(Reuters) - The Indian rupee firmed slightly on Monday, in tandem with the strength in the broader markets, although gains were capped as the dollar index barely budged.
The partially convertible rupee ended at 82.6500 per U.S. dollar after touching a high of 82.64 during the session. It closed at 82.8575 on Friday.
Asian currencies and equities rose after U.S. data, late on Friday, signalled domestic inflation was cooling, which could likely discourage the Federal Reserve from hiking interest rates sharply.
Stock markets were particularly buoyant, with Indian shares rallying more than 1%.
However, another dataset showing U.S. personal income rose more than expected countered those views, which kept the dollar index flat and pushed up benchmark Treasury yields .

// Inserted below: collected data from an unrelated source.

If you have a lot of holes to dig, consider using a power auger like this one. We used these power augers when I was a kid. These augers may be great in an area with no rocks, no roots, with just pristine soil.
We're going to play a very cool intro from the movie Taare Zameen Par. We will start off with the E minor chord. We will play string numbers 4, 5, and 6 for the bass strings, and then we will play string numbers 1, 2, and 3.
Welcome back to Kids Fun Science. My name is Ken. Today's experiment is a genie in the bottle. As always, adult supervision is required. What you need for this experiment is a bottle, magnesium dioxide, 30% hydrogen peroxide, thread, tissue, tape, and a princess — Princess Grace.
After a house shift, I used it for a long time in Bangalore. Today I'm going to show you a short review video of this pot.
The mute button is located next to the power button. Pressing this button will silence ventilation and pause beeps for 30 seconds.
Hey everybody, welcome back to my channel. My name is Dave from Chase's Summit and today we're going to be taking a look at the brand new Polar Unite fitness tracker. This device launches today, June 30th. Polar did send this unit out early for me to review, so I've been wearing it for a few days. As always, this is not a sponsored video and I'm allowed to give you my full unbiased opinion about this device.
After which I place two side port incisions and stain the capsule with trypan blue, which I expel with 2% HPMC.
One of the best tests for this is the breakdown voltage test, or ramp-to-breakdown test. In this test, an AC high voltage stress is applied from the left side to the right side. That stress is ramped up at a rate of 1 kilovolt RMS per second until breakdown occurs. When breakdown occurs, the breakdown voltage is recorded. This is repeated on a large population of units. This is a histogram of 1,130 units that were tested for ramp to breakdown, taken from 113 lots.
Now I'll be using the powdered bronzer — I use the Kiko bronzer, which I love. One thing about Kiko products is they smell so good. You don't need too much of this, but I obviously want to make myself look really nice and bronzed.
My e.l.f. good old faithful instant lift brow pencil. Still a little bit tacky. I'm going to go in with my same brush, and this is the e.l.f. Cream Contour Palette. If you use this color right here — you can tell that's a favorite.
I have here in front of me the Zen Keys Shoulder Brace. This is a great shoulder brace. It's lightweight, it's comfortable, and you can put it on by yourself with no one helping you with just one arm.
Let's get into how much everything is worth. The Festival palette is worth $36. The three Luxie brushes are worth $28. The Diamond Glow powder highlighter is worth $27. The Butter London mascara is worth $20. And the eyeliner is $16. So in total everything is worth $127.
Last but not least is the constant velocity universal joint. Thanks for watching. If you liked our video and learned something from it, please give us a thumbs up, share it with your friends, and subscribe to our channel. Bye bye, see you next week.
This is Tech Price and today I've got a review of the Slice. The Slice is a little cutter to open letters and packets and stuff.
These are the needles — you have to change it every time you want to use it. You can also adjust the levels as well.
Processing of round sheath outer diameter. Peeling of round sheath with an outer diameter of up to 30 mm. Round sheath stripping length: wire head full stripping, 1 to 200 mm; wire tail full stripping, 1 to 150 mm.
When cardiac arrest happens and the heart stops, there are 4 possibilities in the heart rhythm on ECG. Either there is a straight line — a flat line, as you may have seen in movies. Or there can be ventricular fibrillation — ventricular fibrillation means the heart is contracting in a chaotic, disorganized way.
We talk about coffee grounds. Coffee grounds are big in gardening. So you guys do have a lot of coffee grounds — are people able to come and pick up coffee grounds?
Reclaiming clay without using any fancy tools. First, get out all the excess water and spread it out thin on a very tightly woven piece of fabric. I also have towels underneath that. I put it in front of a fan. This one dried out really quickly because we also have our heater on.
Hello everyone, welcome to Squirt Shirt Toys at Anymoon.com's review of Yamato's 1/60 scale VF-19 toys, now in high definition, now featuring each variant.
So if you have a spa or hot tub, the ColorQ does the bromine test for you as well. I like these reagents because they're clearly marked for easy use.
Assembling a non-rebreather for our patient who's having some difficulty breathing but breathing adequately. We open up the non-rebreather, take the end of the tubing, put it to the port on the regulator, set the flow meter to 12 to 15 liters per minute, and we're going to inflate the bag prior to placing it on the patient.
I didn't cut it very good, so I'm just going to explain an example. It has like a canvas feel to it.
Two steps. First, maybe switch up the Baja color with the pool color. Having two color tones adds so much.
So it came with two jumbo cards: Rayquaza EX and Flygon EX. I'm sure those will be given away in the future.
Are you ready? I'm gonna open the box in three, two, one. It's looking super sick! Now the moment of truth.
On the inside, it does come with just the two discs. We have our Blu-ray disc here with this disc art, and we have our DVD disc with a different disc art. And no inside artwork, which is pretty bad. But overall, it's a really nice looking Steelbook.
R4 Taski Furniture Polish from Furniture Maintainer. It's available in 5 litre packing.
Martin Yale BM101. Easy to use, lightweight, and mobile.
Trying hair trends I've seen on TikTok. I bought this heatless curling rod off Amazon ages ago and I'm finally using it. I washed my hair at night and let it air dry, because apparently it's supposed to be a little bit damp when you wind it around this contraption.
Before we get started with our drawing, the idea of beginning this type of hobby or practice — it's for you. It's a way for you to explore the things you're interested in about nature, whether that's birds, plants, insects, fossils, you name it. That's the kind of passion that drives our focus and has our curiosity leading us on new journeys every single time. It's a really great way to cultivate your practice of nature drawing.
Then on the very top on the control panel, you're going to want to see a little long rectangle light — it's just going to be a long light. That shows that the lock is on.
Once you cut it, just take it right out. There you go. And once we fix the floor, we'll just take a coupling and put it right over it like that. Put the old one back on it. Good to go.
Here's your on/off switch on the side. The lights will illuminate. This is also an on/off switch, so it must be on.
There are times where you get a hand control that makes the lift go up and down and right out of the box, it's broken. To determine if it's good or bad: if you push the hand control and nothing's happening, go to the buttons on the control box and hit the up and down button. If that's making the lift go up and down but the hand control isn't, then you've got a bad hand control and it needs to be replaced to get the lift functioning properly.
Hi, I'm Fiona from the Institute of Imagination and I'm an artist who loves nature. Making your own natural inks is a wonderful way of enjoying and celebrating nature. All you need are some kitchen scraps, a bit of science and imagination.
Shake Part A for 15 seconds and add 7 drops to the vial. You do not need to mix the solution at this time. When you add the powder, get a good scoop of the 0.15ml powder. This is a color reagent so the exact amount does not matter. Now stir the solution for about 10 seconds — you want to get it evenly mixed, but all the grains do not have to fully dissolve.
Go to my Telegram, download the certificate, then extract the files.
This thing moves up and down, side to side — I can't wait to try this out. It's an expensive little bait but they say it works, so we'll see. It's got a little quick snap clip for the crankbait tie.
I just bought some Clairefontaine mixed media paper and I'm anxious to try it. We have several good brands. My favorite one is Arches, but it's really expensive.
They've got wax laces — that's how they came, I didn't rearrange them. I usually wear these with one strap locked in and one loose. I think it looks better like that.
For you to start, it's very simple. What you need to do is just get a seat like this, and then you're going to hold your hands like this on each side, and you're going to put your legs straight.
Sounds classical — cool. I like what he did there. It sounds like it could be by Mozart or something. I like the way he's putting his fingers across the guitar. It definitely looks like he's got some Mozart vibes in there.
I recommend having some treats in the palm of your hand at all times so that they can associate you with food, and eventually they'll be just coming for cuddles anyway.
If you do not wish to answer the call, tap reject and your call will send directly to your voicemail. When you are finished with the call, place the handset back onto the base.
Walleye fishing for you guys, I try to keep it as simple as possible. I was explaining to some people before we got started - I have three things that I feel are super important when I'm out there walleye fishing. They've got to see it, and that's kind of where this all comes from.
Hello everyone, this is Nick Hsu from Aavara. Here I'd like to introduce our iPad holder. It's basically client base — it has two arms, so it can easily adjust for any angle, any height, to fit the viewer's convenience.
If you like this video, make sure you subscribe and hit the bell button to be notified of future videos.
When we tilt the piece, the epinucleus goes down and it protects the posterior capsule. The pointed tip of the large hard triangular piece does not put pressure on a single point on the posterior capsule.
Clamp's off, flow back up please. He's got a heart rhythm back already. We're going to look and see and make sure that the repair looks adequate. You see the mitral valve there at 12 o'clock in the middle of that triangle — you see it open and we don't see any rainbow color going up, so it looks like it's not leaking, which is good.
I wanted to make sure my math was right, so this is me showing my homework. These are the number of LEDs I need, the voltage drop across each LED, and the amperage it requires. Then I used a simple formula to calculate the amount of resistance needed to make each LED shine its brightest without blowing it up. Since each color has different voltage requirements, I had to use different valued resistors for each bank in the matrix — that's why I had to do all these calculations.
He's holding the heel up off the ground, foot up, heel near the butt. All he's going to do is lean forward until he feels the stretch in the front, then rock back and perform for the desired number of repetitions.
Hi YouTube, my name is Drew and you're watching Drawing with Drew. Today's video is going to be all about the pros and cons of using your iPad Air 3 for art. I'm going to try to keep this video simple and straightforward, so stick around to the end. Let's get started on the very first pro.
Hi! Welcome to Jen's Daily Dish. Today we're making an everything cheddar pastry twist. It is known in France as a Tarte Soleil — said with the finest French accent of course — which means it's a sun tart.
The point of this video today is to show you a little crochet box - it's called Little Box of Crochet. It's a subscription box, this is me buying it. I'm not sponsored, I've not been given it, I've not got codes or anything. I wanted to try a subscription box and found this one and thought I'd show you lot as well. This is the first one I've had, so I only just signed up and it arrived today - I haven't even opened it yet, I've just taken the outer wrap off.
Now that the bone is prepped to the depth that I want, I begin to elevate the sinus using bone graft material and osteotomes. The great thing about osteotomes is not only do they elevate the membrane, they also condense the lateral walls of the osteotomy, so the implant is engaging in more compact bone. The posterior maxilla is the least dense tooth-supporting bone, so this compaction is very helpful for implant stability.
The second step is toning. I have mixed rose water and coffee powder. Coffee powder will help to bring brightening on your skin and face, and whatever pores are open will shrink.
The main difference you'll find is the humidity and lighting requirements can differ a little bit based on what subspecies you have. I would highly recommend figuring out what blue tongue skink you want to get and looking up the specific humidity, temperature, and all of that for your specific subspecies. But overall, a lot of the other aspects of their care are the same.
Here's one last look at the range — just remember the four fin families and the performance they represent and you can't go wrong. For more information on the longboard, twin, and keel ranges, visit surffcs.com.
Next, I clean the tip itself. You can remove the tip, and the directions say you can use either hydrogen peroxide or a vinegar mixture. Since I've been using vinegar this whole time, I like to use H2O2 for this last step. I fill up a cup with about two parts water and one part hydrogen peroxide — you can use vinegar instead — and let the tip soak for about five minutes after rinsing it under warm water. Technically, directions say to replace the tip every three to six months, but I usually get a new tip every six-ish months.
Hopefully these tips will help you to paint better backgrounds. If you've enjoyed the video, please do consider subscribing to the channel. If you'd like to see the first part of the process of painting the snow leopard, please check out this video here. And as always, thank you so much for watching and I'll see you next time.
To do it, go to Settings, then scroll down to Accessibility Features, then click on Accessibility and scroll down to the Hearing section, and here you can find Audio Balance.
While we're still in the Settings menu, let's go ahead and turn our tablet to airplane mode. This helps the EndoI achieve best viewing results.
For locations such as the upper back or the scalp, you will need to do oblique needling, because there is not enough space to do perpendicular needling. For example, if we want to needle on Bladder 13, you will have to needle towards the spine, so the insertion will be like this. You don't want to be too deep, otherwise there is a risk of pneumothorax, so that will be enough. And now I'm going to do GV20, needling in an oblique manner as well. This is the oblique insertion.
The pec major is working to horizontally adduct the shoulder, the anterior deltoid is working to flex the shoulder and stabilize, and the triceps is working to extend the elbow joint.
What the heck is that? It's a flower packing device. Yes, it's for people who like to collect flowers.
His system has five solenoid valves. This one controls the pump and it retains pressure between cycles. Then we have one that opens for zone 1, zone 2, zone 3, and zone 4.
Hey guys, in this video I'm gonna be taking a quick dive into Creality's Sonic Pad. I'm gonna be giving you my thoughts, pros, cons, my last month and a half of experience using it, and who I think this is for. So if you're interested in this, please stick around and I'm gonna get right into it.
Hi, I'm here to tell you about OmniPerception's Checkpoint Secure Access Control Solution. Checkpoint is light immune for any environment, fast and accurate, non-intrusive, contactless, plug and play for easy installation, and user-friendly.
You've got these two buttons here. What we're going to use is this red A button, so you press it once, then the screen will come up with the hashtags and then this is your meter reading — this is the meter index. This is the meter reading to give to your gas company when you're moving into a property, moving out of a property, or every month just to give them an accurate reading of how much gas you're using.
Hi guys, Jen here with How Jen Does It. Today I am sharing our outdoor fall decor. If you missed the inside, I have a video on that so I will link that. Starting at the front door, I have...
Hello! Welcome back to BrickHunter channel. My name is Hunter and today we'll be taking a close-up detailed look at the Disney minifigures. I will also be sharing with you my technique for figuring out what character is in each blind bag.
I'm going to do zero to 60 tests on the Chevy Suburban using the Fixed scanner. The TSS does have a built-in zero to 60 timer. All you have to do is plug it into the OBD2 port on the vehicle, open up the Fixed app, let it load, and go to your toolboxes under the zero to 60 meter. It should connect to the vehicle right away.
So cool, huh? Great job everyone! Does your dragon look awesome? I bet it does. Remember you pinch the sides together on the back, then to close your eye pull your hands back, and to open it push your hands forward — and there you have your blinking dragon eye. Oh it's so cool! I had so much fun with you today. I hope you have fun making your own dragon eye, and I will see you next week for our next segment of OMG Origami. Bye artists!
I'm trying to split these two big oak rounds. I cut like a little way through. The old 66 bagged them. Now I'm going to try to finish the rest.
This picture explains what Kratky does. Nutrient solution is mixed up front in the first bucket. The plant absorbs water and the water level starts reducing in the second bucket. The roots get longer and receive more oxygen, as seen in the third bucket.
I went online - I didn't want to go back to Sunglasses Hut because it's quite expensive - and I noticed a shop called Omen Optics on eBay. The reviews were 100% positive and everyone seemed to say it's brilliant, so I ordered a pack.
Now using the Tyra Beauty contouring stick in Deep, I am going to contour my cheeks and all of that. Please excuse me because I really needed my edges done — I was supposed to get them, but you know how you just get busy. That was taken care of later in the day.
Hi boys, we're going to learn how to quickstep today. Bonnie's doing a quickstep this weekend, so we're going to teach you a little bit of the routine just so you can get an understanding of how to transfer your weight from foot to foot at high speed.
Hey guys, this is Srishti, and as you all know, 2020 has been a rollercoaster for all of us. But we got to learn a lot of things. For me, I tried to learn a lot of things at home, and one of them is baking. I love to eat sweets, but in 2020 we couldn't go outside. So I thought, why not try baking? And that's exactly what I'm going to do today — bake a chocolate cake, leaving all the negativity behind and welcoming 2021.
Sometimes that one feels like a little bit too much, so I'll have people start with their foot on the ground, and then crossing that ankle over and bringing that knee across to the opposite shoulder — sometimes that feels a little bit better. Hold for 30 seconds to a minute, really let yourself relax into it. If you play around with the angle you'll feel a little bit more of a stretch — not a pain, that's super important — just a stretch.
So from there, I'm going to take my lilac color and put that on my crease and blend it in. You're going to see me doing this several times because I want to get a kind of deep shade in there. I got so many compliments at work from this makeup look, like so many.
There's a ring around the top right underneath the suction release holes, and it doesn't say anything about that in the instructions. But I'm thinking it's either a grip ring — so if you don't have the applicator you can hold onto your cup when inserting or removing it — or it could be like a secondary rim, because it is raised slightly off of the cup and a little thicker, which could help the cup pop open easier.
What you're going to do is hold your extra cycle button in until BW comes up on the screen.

That weighed on the rupee, said a Mumbai-based trader.
The rupee has struggled to break out of its narrow trading range over the past week, with any depreciation curbed by dollar sales around 82.85-82.90 levels.
Some traders said those sales were conducted by state-run banks on behalf of the Reserve Bank of India (RBI) to likely keep the currency from weakening past the key psychological level of 83 per dollar.
"Due to holidays this week, most days will be quite low on volumes. We're not expecting any volatility ... and it looks very unlikely the currency will breach 83," said Gaurang Somaiya, FX and bullion analyst at Motilal Oswal Financial Services.
However, the beginning of next year could see volatility creep back in, with Chinese economic data becoming crucial, Somaiya added.
"If the rupee manages to break the lower end of its 82.20-83.20 range, we could see some appreciation in the currency."
Meanwhile, a surge in crude oil prices has also weighed on the currency, as Brent crude futures jumped more than 6% last week to $84 per barrel.